La Commission européenne a accédé mercredi à la demande de la France, préoccupée par l'arrivée de migrants tunisiens via l'Italie depuis plusieurs semaines : elle a proposé une plus grande latitude pour rétablir les contrôles aux frontières nationales dans l'espace Schengen. Ce rétablissement pourra être autorisé en cas de "défaillance" d'un Etat dont les confins sont les frontières extérieures de l'Union européenne, selon la commissaire européenne chargée des questions d'immigration. Les contrôles aux frontières nationales pourront également être rétablis lorsqu'une partie de la frontière extérieure de l'Union européenne est soumise à une pression migratoire extraordinaire, a ajouté Cecilia Malmström.
La commissaire a insisté sur le caractère temporaire de cette mesure, qui ne pourrait être autorisée que dans des circonstances "exceptionnelles" et en fonction de conditions "strictes". "Schengen est une très belle réalisation pour la mobilité des citoyens de l'Union européenne," a-t-elle estimé, "c'est quelque chose qu'il faut absolument défendre mais Schengen peut avoir certaines faiblesses car Schengen s'est basé sur la confiance" entre les pays membres, qui aujourd'hui fait défaut. Elle a aussi insisté sur le danger de créer "une Europe forteresse" à l'égard des immigrants, estimant que les immigrés avaient dans l'histoire largement contribué au développement du continent et devaient continuer à le faire.
Les deux cas de figure envisagés par la Commission sont directement inspirés par la défaillance de la Grèce dans le contrôle d'une partie de sa frontière avec la Turquie et par la décision des autorités italiennes de régulariser quelque 25.000 migrants tunisiens arrivés sur son territoire, suite à la révolution dans le pays, avec la volonté affichée de se rendre en France.
Actuellement, le rétablissement des contrôles aux frontières intérieures de l'espace Schengen est déjà possible mais seulement en cas de "menace grave pour l'ordre public ou la sécurité intérieure". Concrètement, il a été utilisé surtout à l'occasion de rencontres sportives très importantes ou de sommets politiques de chefs d'Etat dans certains pays. Les propositions de Mme Malmström seront discutées lors d'une réunion extraordinaire des ministres européens de l'Intérieur le 12 mai à Bruxelles avant d'être parachevées en juin à l'occasion d'un sommet des chefs d'Etat et de gouvernement de l'UE.

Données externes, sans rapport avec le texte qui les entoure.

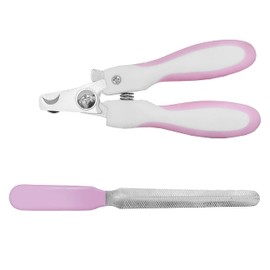 Vida Goods Pet Nail Clippers with Safety Guard & Nail File Sharp Nail Trimmer for Dogs, Cats, Rabbits & Small Animals Easy Grip, QuickStop Blade Lock Grooming Kit for All Breeds (White with Pink)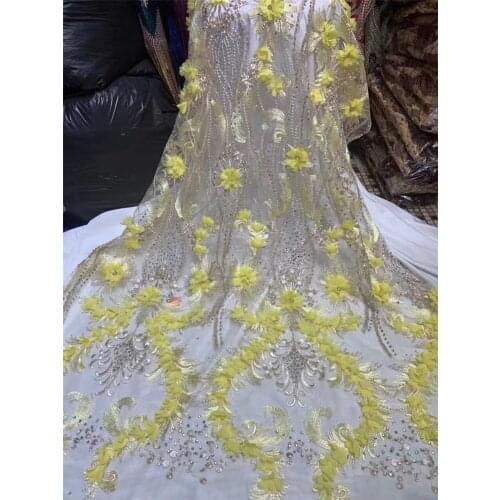 African Lace Fabric 2021 Embroidery Nigeria Lace Fabric High Quality French Tulle 3D Lace Fabric For Women Wearing H3642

La France se félicite de "l'effort engagé par la Commission"
"Nous nous félicitons de l'effort ainsi engagé par la Commission pour proposer sans délai des réponses aux pressions qui s'exercent aux frontières extérieures communes de l'Union européenne", a indiqué le porte-parole du ministère des Affaires étrangères, Bernard Valero. "Sur plusieurs points, elle répond aux préoccupations de la France et aux propositions avancées par le président de la République et Silvio Berlusconi le 26 avril dernier à Rome", a-t-il ajouté.
L'espace Schengen compte 25 Etats membres, dont trois pays non membres de l'UE (Norvège, Suisse, Islande, et bientôt Liechtenstein). Il permet à plus de 400 millions de citoyens de circuler librement de la Finlande à la Grèce, du Portugal à la frontière polonaise, sans devoir montrer leur passeport. L'adhésion de la Bulgarie et de la Roumanie, initialement prévue en mars dernier, est toujours en suspens, en raisons de l'opposition de plusieurs pays.